Contre le mercenariat, pour l’art autogéré

La halqa traditionnelle.
La halqa traditionnelle.

La lecture d’un article intitulé Perspectives des actions culturelles en 2017 : Sponsoring et mécénat, sur le quotidien El Watan du 02.01.2017 (*) me porte à poser une question que le journaliste ne mentionne pas : quelles conditions justifient l’octroi d’argent en faveur de la culture par des privés algériens ou par des officiels de pays arabes du Moyen-Orient ?

En ces sociétés actuelles, dont l’Algérie fait partie, où le Dieu premier et véritable est le Profit au détriment des autres, est-il réaliste de croire que des affairistes privés ou des officiels d’État autocratiques puissent offrir de l’argent en faveur d’un art authentique ? Autrement dit libre du point de vue du contenu et de la forme ? Autrement dit au service de la bonté et de la beauté ? Autrement dit au bénéfice de la justice sociale ? Autrement dit en faveur des exclus des richesses du pays, par l’exclusion du pouvoir social ?

Pour le dire en termes populaires, est-il possible à un privé ou à l’officiel d’un État d’offrir la soupe à celle ou celui qui cracherait dedans ou affirmerait qu’elle est le produit de l’exploitation du peuple laborieux et du vol de ses matières premières ?

Allons ! Allons !… Il faut être fortement hypocrite à un artiste pour croire à cette baliverne, à moins d’être un mercenaire, un marchand d’"art" en échange d’un gain financier. La langue française est assez éloquente à ce sujet : mécène, mercenariat.

Mais, voilà, l’Algérie et le monde entier traversent une époque historique où certains parlent de mécénat comme s’il s’agit d’un acte gratuit, généreux au service de l’art et de la culture. Un acte qui serait accompli par ceux-là même qui, pour le financer, volent l’argent produit par la sueur des travailleurs et les ressources naturelles du pays.

Il est cependant vrai que l’initiateur de ce genre d’action, Mécène, était un consul romain assez riche (de l’exploitation par l’empire, dont il était un représentant, des esclaves et des peuples conquis par les armes) pour concéder des miettes aux artistes qu’il estimait.

L’un d’eux, le plus fameux, était Horace.
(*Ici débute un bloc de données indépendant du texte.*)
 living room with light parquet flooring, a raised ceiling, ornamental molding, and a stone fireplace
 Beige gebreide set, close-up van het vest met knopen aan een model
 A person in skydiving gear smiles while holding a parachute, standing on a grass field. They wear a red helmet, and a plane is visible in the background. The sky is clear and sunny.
Mais ce dernier avait la capacité, extrêmement rare parmi les artistes, de savoir profiter de l’argent tout en maintenant son indépendance intellectuelle. Et Mécène fut assez intelligent pour ne pas s’en offusquer.

Mais, aujourd’hui, qui serait capable d’être Mécène et Horace ? Cette question du mécénat fait surgir un autre problème. Il est, en quelque sorte, l’autre face du même thème. En Algérie, pourquoi personne, à ma connaissance, n’a soulevé la tradition des conteurs populaires sur les places publiques ?

Personnellement, comme la plupart des compatriotes de ma génération, aller sur une place publique, dans mon cas à Sidi Bel Abbès, et assister, en cercle, parmi le peuple le plus authentique, celui des travailleurs et des chômeurs, aux récits d’un conteur, ces moments furent parmi les plus beaux et merveilleux de mon enfance !…

Le narrateur présentait des histoires tour à tour comiques ou dramatiques, s’accompagnant quelquefois tout seul ou par un collaborateur de musique (flûte ou tambourin). De temps en temps, la narration était interrompue pour recevoir un peu d’argent de la part des spectateurs, chacun selon son bon vouloir et ses capacités.

C’était là de l’art autogéré, populaire, libre et participatif, dans le plein sens des mots.

Autogéré car les artistes étaient les patrons d’eux-mêmes, géraient leur "entreprise" de manière autonome, choisissaient librement les contenus et les formes de leur spectacle. Populaire parce que utilisant la langue du peuple, le style et les formes du peuple. Libre, parce que les spectateurs avaient entière faculté d’assister ou d’abandonner le spectacle, en fonction de l’intérêt ou non qu’ils ressentaient.

Participatif parce que, en règle générale, l’artiste interrompait sa narration pour demander des avis aux spectateurs, ou bien ces derniers intervenaient de leur propre initiative.

Ah ! Quelle jouissance !… C’est là que j’ai découvert et apprécié les drolatiques histoires de Jha et les fabuleuses histoires de Shéhérazade, ainsi que des contes issus du génie populaire du terroir algérien. C’est là que mon esprit s’est ouvert aux problèmes du monde, que mon imagination s’est enrichie, que mon sens critique s’est développé, enfin que j’ai découvert ce que bonté et beauté signifient.

Ces contes m’ont porté, devenu adolescent, à la lecture des Mille et une nuits, des œuvres de Rabelais, de Cervantès, du roman chinois La guerre des Trois royaumes, et autres productions de l’intellect humain universel.

Est-ce un hasard si ces spectacles populaires algériens ont commencé par être limités par les autorités colonialistes ?… Non, parce que les artistes s’arrangeaient, d’une manière ou d’une autre, pour dénoncer la domination coloniale sur le peuple algérien.

Est-ce un hasard si les mêmes spectacles furent finalement interdits par les autorités de l’Algérie indépendante ?… Non, parce que les mêmes artistes se souciaient, là encore, de pointer les injustices des nouveaux maîtres du colonialisme interne du pays.

Est-ce un hasard si les partisans de l’obscurantisme culturel ont, eux aussi, agi de manière à ce que ces spectacles populaires n’aient pas lieu ?… Non, parce que les mêmes artistes cultivaient une indépendance d’esprit contraire à toute forme d’intégrisme-totalitarisme intellectuel.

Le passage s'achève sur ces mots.